金利を見るときに重要なのは、絶対水準だけではありません。

例えば、

  • 金利が1%から2%に上昇
  • 金利が4%から5%に上昇

どちらも1%の上昇ですが、市場へのインパクトは異なります。

特に重要なのは、

  • 上昇トレンドにあるのか
  • 下落トレンドにあるのか

という方向性です。

市場は常に「これからどうなるか」を織り込みます。

金利が上昇局面に入ったと判断されると、

  • 投資家はより高い利回りを求める
  • キャップレートに上昇圧力がかかる

可能性があります。

そのため、金利ニュースを単なる数字として見るのではなく、「市場心理の変化」とセットで考えることが重要です。

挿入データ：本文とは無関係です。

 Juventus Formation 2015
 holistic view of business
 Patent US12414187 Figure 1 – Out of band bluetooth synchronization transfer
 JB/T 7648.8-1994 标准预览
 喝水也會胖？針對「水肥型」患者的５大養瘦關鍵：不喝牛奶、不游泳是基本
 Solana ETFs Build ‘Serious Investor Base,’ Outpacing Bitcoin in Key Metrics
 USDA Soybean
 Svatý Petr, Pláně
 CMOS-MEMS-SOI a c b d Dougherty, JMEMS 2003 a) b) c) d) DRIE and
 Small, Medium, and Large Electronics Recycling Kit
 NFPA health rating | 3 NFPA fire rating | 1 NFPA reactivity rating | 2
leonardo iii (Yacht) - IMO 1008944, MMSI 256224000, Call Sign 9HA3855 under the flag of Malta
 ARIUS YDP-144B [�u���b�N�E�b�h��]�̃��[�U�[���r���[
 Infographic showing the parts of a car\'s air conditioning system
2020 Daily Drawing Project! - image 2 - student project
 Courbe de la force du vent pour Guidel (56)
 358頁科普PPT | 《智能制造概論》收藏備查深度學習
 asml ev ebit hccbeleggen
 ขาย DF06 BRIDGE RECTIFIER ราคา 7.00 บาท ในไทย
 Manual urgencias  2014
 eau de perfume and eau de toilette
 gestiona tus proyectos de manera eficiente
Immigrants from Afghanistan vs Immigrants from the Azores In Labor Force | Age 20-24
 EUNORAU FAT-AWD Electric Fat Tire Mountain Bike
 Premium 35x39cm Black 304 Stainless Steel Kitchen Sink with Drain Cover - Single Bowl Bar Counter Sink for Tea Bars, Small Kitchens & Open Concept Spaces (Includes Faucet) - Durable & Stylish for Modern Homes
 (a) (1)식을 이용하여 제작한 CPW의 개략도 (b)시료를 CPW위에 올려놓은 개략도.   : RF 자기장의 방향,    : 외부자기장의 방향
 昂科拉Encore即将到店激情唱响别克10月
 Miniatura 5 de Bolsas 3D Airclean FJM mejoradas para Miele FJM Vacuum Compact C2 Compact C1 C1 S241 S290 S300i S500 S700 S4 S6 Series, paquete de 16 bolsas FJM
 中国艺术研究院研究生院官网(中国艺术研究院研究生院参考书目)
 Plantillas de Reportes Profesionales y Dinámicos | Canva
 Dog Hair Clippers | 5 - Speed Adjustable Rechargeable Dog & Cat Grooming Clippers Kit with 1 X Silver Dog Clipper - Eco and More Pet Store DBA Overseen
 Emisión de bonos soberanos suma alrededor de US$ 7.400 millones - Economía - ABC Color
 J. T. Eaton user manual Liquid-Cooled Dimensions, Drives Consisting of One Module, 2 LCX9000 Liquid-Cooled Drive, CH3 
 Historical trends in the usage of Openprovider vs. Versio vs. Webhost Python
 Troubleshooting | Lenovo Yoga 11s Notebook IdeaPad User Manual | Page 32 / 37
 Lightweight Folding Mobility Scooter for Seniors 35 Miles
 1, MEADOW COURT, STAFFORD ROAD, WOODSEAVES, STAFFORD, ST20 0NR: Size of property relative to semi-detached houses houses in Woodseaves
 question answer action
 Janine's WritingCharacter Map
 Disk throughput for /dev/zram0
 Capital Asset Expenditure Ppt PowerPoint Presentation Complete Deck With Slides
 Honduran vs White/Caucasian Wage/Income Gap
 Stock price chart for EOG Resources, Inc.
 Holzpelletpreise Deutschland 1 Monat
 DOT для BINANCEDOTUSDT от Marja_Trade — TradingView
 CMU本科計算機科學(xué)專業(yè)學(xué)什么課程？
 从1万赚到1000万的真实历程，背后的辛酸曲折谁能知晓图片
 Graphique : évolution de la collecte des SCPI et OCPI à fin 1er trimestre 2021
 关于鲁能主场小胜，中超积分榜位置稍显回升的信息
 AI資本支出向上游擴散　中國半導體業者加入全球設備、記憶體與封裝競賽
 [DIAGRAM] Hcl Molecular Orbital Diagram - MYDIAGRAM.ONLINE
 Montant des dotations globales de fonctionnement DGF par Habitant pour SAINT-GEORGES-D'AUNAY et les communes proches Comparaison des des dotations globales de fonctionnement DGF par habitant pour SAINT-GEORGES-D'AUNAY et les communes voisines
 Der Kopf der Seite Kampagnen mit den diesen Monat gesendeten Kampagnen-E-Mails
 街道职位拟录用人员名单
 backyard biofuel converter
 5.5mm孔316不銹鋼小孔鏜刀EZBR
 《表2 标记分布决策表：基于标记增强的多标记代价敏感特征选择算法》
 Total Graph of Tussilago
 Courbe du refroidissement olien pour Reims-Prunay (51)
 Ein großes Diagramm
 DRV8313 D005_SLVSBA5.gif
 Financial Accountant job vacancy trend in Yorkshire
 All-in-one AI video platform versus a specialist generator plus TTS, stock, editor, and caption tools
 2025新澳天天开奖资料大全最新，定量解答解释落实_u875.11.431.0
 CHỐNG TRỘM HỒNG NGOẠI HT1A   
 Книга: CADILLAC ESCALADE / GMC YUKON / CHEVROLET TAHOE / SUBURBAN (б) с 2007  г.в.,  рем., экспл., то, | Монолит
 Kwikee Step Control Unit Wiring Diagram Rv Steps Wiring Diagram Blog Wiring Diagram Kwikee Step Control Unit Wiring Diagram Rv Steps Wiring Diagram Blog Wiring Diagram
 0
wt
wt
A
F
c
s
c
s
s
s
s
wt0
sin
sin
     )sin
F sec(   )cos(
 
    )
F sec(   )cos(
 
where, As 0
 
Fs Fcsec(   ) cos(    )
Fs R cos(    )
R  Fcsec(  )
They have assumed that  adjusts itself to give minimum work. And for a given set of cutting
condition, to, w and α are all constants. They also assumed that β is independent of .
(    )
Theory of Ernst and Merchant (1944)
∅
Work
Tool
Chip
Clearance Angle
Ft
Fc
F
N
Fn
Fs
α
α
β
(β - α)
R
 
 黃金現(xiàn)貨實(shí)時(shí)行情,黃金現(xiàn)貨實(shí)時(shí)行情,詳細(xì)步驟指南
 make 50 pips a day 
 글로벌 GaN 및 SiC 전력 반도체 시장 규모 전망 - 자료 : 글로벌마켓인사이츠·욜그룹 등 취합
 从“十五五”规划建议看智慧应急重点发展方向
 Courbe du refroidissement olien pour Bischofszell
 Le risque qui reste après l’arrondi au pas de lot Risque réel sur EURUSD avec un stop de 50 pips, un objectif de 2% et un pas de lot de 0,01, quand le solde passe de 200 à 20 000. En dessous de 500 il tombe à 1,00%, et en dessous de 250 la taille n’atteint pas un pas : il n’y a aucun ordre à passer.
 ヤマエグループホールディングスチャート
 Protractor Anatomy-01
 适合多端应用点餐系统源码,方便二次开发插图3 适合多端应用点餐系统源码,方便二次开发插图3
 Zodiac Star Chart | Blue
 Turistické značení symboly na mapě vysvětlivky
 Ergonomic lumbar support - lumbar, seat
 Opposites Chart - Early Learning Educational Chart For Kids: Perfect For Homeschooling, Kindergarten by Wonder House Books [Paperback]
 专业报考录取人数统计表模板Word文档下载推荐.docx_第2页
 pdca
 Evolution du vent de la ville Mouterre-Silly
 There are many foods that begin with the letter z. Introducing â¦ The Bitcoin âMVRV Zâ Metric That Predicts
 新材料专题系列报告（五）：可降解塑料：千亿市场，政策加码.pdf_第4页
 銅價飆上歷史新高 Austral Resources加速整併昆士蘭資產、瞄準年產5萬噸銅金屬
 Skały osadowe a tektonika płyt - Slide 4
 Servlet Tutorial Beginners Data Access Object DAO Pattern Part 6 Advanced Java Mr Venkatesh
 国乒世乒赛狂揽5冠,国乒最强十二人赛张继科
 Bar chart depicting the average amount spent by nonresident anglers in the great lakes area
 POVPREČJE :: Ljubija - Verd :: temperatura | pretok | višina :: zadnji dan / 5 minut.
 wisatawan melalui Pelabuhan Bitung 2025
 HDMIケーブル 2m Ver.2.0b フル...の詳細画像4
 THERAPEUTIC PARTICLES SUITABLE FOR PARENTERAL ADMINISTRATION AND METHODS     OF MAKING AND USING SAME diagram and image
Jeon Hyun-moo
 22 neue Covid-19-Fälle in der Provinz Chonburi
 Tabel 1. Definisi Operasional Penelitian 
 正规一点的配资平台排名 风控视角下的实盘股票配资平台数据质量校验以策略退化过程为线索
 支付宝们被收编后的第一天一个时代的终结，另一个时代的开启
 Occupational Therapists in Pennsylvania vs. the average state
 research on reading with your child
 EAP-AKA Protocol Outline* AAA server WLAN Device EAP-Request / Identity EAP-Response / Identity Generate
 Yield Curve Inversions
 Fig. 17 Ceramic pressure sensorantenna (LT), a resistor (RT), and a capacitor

価格構造の基本は「キャップレートを解説した記事」で整理していますので、あわせて読むと理解が深まります。


金利以外の要素も織り込む

金利は重要ですが、価格を決める要素はそれだけではありません。

例えば、

  • エリアの人口動態
  • 再開発計画
  • 供給動向
  • 物件の競争力

なども大きく影響します。

金利が上昇していても、

  • 需要が強いエリア
  • 成長期待が高い物件

では価格が底堅く推移する場合もあります。

逆に、

  • 金利が横ばいでも
  • 需給悪化や空室増加

があれば価格は下がります。

つまり、

価格は
金利 × 収益力 × リスク認識

の掛け算で決まります。

NOIの精度が重要である理由は「NOIを解説した記事」で詳しく説明しています。


将来キャッシュフローという本質

最終的に重要なのは、「将来キャッシュフロー」です。

金利が変わると、

  • 割引率が変わる
  • 将来収益の現在価値が変わる

という構造になります。

例えば、

将来10年間安定収益が続く物件は、
金利上昇の影響を比較的受けにくい場合があります。

一方、

  • 将来収益が不安定
  • 大規模修繕が控えている

物件は、金利上昇時により厳しく評価される可能性があります。

この将来視点を体系的に扱うのが「DCF法を解説した記事」です。

さらに出口価格への影響は「最終還元利回りを解説した記事」で詳しく触れています。

金利は現在の数字ですが、価格は将来を評価した結果です。


まとめ|金利と価格の関係を構造で理解する

金利が上がると不動産価格は下がる。

この説明は間違いではありません。

しかし本質は、

金利上昇
→ 要求利回り上昇
→ キャップレート上昇
→ 価格下落

という「構造」にあります。

そして、

  • 物件タイプ
  • エリア
  • 収益の安定性

によって影響度は異なります。

価格は、

価格 = NOI ÷ キャップレート

という式で決まります。

この式を理解すると、

  • なぜ価格が動くのか
  • なぜ同じNOIでも価格が違うのか

が明確になります。

さらに理解を深めるには、

を順に読むことで、評価理論が一本の線でつながります。

最終的には「不動産評価の全体像を整理したまとめ記事」に戻ることで、全てのシリーズが体系的に理解できる設計になっています。

金利は単なるニュースではありません。

それは、不動産価格を動かす最も強力なレバーのひとつなのです。